▶ Task to carry out:
Return the entries exactly. Images are not part of the copy.

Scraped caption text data
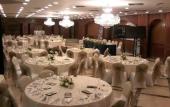 Туры в отель Royal Sea View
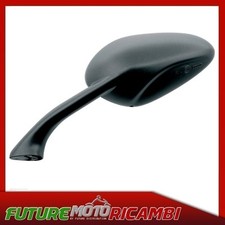 SPECCHIO RETROVISORE MV AGUSTA Brutale 750 Gladio 2003 IN POI MIRROR LEFT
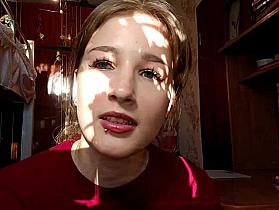 millywowa Cam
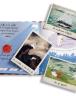 correo mumin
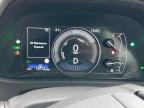 2023 LEXUS UX 250H F SPORT DESIGN 4X  for sale at Copart SANDY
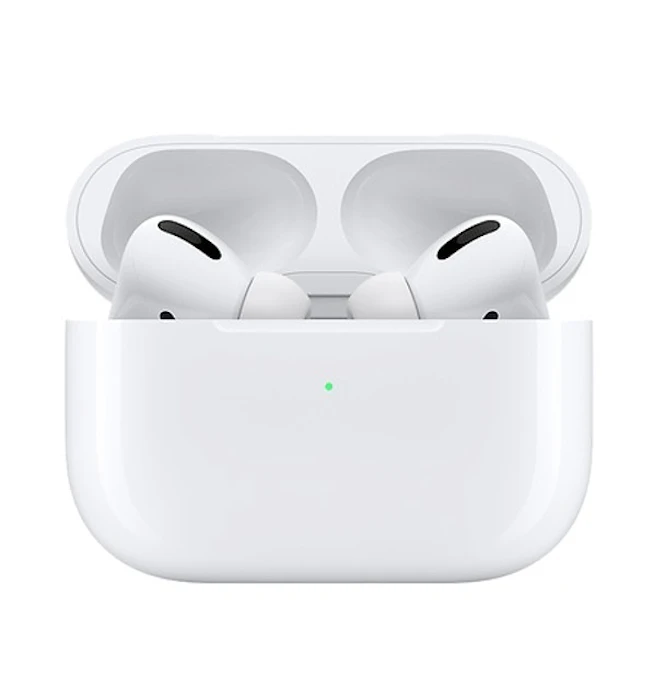 Apple AirPods Pro Translation missing: id.activerecord.decorators.item_part_image/alt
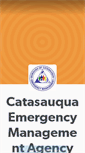 Mobile Screenshot of cataema.tumblr.com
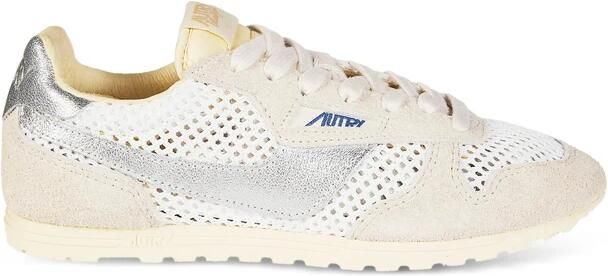 Autry Sneakers
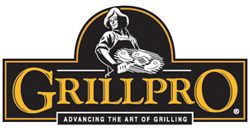 grill pro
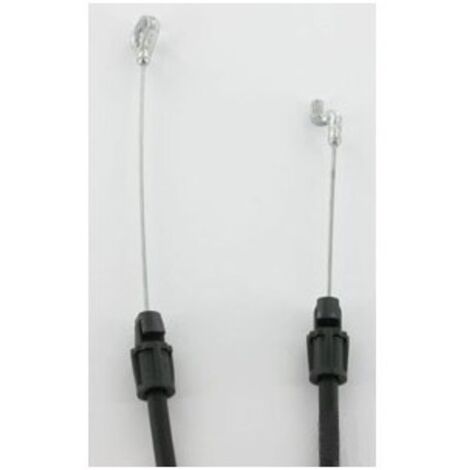 cable - 1810006250 - Stiga-GGP (1/4)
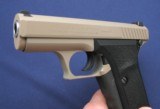 Excellent used 9mm HK P7 - 6 of 8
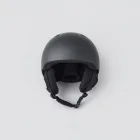 Snowboard Helmet with Bluetooth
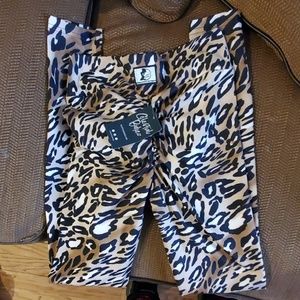 Celestial Bodiez Leggings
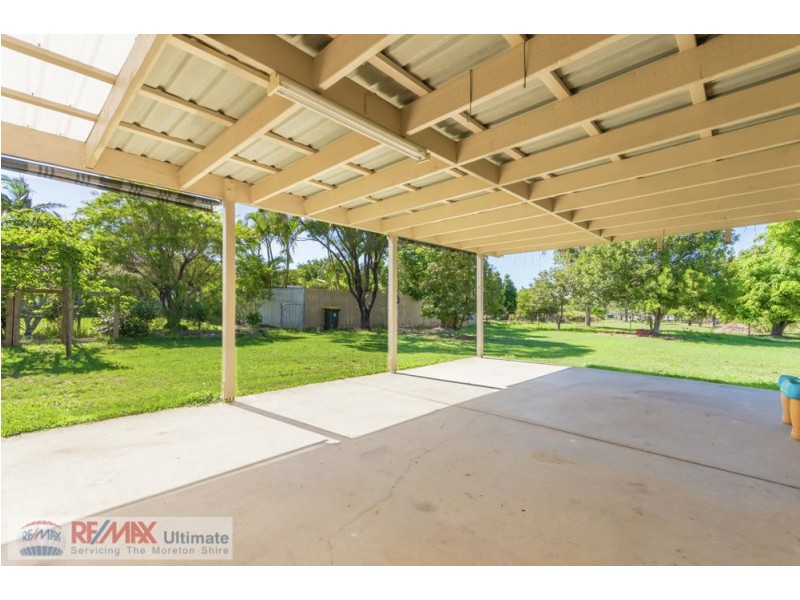 28 Fleet Street, Burpengary QLD 4505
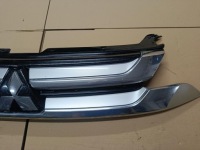 фото thumb №9, Mitsubishi outlander iii gf 2015-2021 решётка решётка оригинал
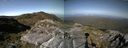 ./images/calvert/buxton1/20140806/buxton120140806_100005M.jpg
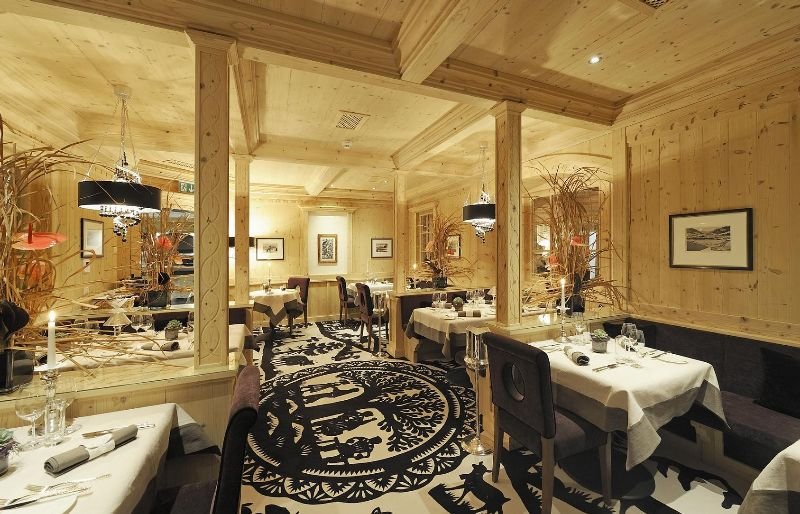 Wellness Spa Hotel Ermitage 24/50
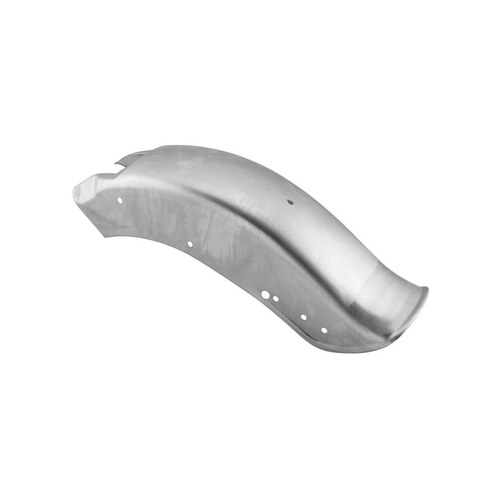Rear Fender. Fits FXST 1996-1999
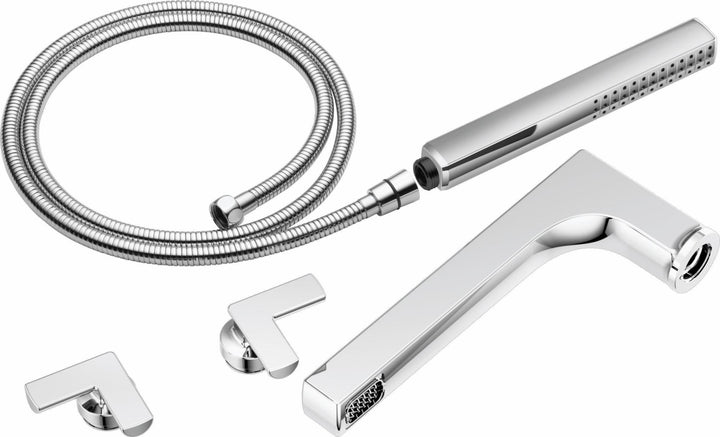 T70307-PC product image.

▶ Solved problem:
 Туры в отель Royal Sea View
 SPECCHIO RETROVISORE MV AGUSTA Brutale 750 Gladio 2003 IN POI MIRROR LEFT
 millywowa Cam
 correo mumin
 2023 LEXUS UX 250H F SPORT DESIGN 4X  for sale at Copart SANDY
 Apple AirPods Pro Translation missing: id.activerecord.decorators.item_part_image/alt
 Mobile Screenshot of cataema.tumblr.com
 Autry Sneakers
 grill pro
 cable - 1810006250 - Stiga-GGP (1/4)
 Excellent used 9mm HK P7 - 6 of 8
 Snowboard Helmet with Bluetooth
 Celestial Bodiez Leggings
 28 Fleet Street, Burpengary QLD 4505
 фото thumb №9, Mitsubishi outlander iii gf 2015-2021 решётка решётка оригинал
 ./images/calvert/buxton1/20140806/buxton120140806_100005M.jpg
 Wellness Spa Hotel Ermitage 24/50
Rear Fender. Fits FXST 1996-1999
 T70307-PC product image.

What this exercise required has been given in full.